▶ _SUPPLIED DATA_
== == ==

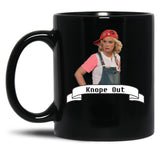 Leslie Knope Black Coffee Mug, Gift Coffee Mug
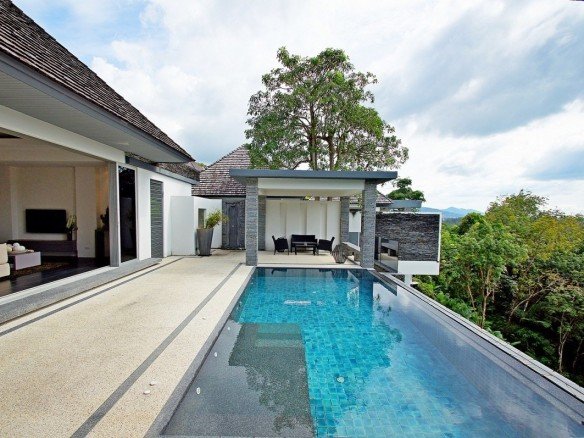 Sea View 3 Bed Pool Villa in Layan -5103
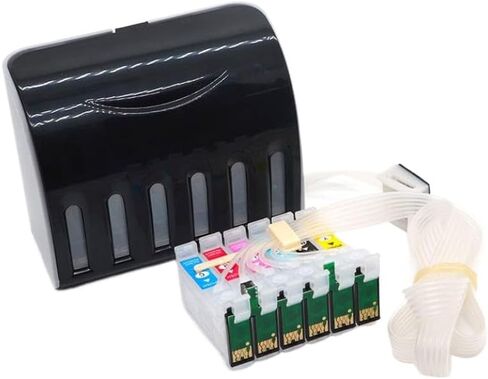 6Color 85 T0851-T0856 CISS System with Auto Reset Chip Compatible with Stylus Photo 1390 Printer in Saudi Arabia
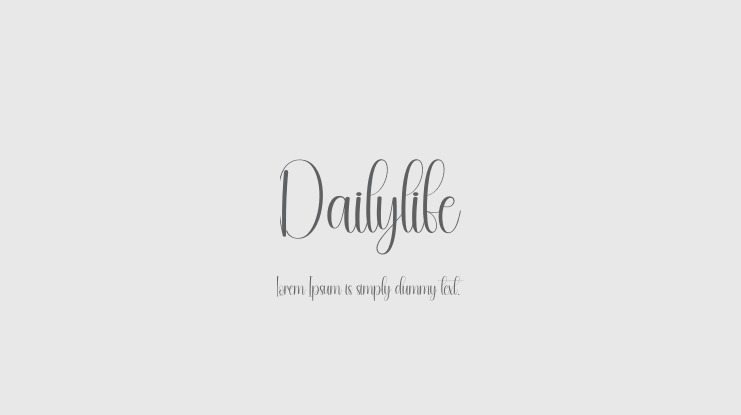 Dailylife Font
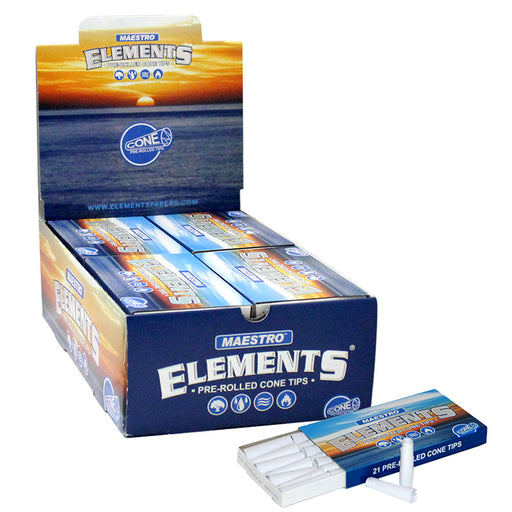 Elements Perforated Gummed Rolling Tips - ESD Official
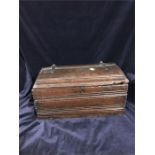 An early 18th Century Bible box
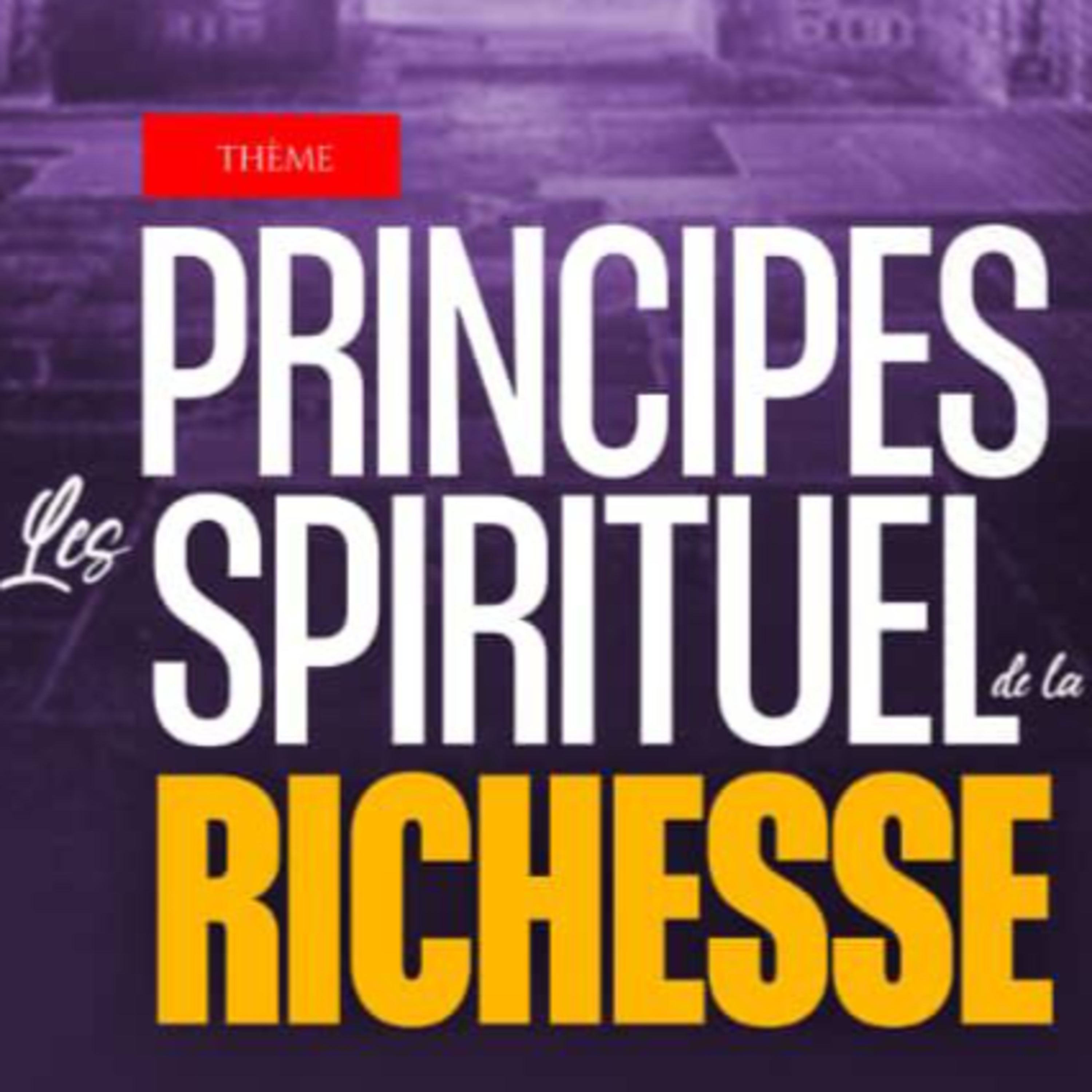 LES PRINCIPES SPIRITUEL DE LA RICHESSE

== == ==

▶ _TASK STATEMENT_
Could you give again precisely the lines from the one containing "Sea View 3 Bed Pool Villa in Layan -5103" through the final line of the material above, both included, and no others, dropping the pictures?

▶ _ANSWER SECTION_
 Sea View 3 Bed Pool Villa in Layan -5103
 6Color 85 T0851-T0856 CISS System with Auto Reset Chip Compatible with Stylus Photo 1390 Printer in Saudi Arabia
 Dailylife Font
 Elements Perforated Gummed Rolling Tips - ESD Official
 An early 18th Century Bible box
 LES PRINCIPES SPIRITUEL DE LA RICHESSE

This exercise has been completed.